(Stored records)
============

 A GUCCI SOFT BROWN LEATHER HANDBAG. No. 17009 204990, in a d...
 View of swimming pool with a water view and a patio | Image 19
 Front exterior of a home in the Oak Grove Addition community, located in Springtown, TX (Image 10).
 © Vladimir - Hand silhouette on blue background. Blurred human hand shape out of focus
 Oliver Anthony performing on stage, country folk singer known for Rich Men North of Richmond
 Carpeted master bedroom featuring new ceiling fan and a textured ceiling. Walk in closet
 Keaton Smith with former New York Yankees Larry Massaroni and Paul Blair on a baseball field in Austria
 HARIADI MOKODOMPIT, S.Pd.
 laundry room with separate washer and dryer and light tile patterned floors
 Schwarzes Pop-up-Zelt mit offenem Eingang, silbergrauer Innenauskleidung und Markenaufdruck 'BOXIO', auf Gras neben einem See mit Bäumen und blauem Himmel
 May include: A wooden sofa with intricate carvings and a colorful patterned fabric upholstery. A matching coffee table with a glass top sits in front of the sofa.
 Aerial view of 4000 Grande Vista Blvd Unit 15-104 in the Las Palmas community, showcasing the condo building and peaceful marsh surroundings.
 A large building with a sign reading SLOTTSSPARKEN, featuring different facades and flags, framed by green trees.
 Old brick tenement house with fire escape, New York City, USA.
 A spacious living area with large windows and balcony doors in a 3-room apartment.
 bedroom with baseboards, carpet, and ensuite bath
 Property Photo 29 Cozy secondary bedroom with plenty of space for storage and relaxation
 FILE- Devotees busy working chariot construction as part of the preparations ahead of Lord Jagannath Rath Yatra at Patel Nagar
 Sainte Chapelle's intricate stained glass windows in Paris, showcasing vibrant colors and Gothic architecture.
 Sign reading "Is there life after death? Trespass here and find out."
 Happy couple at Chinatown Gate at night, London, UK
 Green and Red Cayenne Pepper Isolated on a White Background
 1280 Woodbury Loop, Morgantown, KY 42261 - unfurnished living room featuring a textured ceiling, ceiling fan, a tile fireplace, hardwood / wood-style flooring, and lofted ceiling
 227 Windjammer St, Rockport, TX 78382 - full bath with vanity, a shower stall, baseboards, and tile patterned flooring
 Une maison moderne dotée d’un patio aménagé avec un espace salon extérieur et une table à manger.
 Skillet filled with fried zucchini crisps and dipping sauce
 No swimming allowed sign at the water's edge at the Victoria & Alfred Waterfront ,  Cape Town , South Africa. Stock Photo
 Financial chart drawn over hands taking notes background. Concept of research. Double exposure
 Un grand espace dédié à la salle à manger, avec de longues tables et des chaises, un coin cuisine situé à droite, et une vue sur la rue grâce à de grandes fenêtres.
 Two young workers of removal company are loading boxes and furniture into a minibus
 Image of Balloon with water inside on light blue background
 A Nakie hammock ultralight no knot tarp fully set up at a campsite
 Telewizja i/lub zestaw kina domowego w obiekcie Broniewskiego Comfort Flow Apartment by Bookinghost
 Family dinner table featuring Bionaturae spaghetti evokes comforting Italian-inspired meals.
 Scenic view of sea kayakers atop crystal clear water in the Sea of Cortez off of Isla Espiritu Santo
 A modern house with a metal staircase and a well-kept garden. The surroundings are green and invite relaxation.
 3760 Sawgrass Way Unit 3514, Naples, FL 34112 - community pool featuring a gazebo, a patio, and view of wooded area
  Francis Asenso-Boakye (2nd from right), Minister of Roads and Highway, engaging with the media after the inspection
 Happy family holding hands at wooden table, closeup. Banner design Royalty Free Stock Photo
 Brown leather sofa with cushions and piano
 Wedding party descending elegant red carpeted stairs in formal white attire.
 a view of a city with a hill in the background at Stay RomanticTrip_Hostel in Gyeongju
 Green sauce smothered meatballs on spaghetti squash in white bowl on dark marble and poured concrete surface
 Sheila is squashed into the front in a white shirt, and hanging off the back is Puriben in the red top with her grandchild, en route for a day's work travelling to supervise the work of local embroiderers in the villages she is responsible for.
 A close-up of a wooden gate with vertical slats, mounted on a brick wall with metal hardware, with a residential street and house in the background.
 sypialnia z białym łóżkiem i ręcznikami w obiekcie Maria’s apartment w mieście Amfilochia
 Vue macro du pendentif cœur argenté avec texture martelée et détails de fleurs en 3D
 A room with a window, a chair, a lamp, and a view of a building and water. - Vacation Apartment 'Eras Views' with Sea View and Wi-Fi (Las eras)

============

How to complete this task
Please, from the entries above, set down exactly the lines from the one containing "Sainte Chapelle's intricate" through the one containing "Green and Red", and only those.

Solution to the problem
 Sainte Chapelle's intricate stained glass windows in Paris, showcasing vibrant colors and Gothic architecture.
 Sign reading "Is there life after death? Trespass here and find out."
 Happy couple at Chinatown Gate at night, London, UK
 Green and Red Cayenne Pepper Isolated on a White Background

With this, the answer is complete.